My Blogomatic 3000 review of Andrew Kötting and Iain Sinclair’s mesmerising new film, Swandown. It comes out tomorrow, but to summarise, it ain’t Batman:
Two men stand waist deep in the ocean, trying to launch a swan-shaped pedalo – the kind you’d find at a local park – on a journey that will take them from Hastings to Hackney via rivers and canals, meeting people of varied experiences and philosophies, a journey that appears to be the very antithesis of the upcoming olympics their final destination – the still-being-built stadium – represents. It takes them more than a day to get the pedalo out there.
The two men are avant-garde filmmaker and performance artist Andrew Kötting and regular partner in crime, writer Iain Sinclair. The film is called Swandown, and the voyage is much more compelling than I just made it sound.

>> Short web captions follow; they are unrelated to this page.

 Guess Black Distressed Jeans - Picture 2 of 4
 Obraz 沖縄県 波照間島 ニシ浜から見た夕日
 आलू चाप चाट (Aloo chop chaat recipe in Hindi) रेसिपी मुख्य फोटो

The film is hard to define, even to make a distinction as to what kind of picture it is in terms of fiction or documentary, let alone notions of genre. For the most part, Swandown follows the two collaborators as they wend their way leisurely north, taking in the sometimes naturally beautiful riverbanks and sometimes ugly man-made constructs, all the while reaching out and connecting to fellow river-dwellers and the occasional bemused fishing couple.

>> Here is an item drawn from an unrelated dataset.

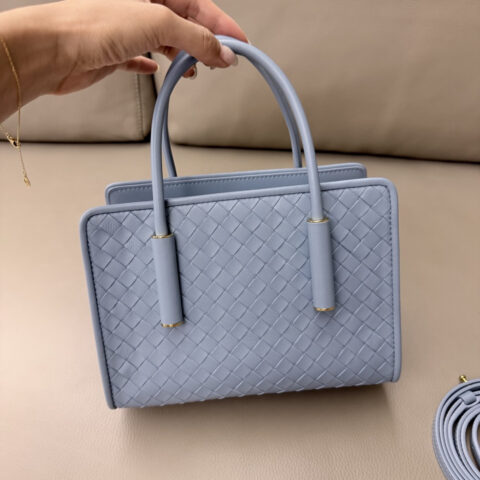 BV BarbaraToteBag 迷你冰川蓝 型号A0062Z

Their mode of transportation acts as an excellent icebreaker, and most conversations with ‘real’ people involve a healthy dose of laughter. Sinclair and Kötting’s discussions, on the other hand, range from the political to the philosophical and the mythical, and Sinclair regularly recites passages from his own work.
The film works at its own pace, not wanting to rush anywhere or paint any grand moral pictures, but often hints at the deeper meaning of their endeavour through dreamlike interludes that mark their passage, such as a woman (credited as playing Ophelia) slowly working her way into a river from the bank, laying on her back and drifting on the surface as the pair slowly work their way past, apparently without noticing. She’s wearing white, a metaphor for innocence that crops up again later, most significantly when a story about the Greek god Zeus courting a woman in the shape of a swan is told, intercut with footage of that same woman, now naked, reclining on the pedalo with her back against the swan’s neck.

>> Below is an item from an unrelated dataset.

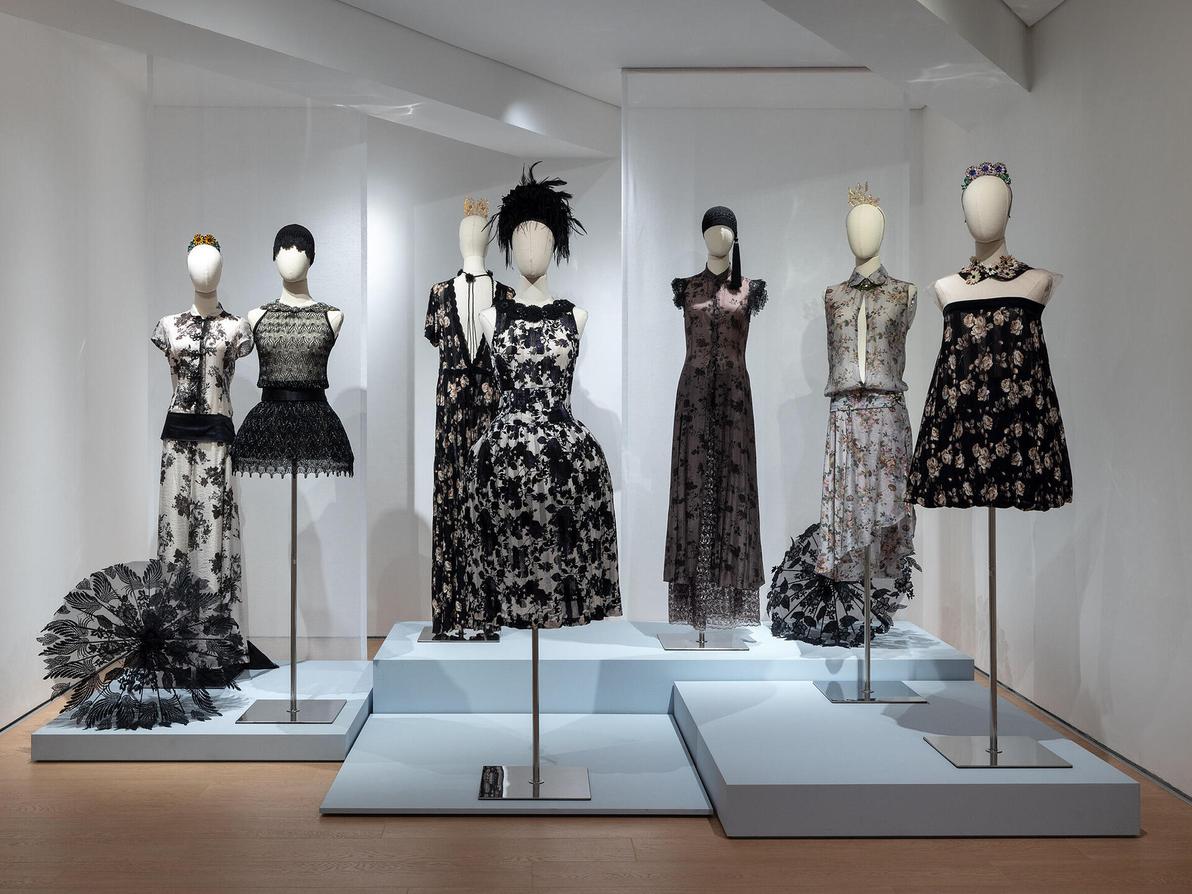 עיצובים של דורין פרנקפורט בתערוכה "פועלת אופנה"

It’s thought-provoking stuff, and some of the cinematography is astonishingly bleak, with clouds of fog drifting like thick poison and the swan floating – almost lost at the bottom of the frame – underneath a towering but ultimately dull, grey bridge, but that’s merely one aspect of a film which tends not toward one view but many – as proven by Kötting and Sinclair’s occasional departure from their vessel so that others can journey on in their stead.
Two such temporary pedallers are comic writer/magician Alan Moore and comedian Stewart Lee, who – after trying to decipher what the project is actually about – discuss the positive impact introducing swan pedalling as an olympic event would have on not just sportsmen, but race-relations and religious disputes.
Swandown carries on in this charmingly ramshackle fashion for most of its running time, spurred on by Kötting’s boundless enthusiasm – he regularly ends up in the water – even when Sinclair has to depart. Regular implementation of dialogue extracts of Werner Herzog from the documentary Burden of Dreams give a powerful edge to certain scenes like only Herzog can deliver, and the eerie electronic soundtrack makes these sequences appear like an (even more) absurd Apocalypse Now.
Eventually the swan – named Edith – reaches the end of her path, repeatedly bumping into the barriers near the stadium in Hackney in a comical but somewhat melancholic display, and though it’s established that the film really isn’t about London 2012, it’s difficult not to feel uneasy about the whole thing from this image. It doesn’t last that long, though, and Swandown‘s effect – at least on Kötting, if no-one else – is summarised in its lyrical visuals and poetic final shots.
If you want to see a film unlike any other you’re likely to see this year, then Swandown will be right up your alley. It just might be a shame (or perhaps an inside joke on Kötting and Sinclair’s part) that they decided to release it the same day as, er, Batman.
Swandown is on limited release from July 20th.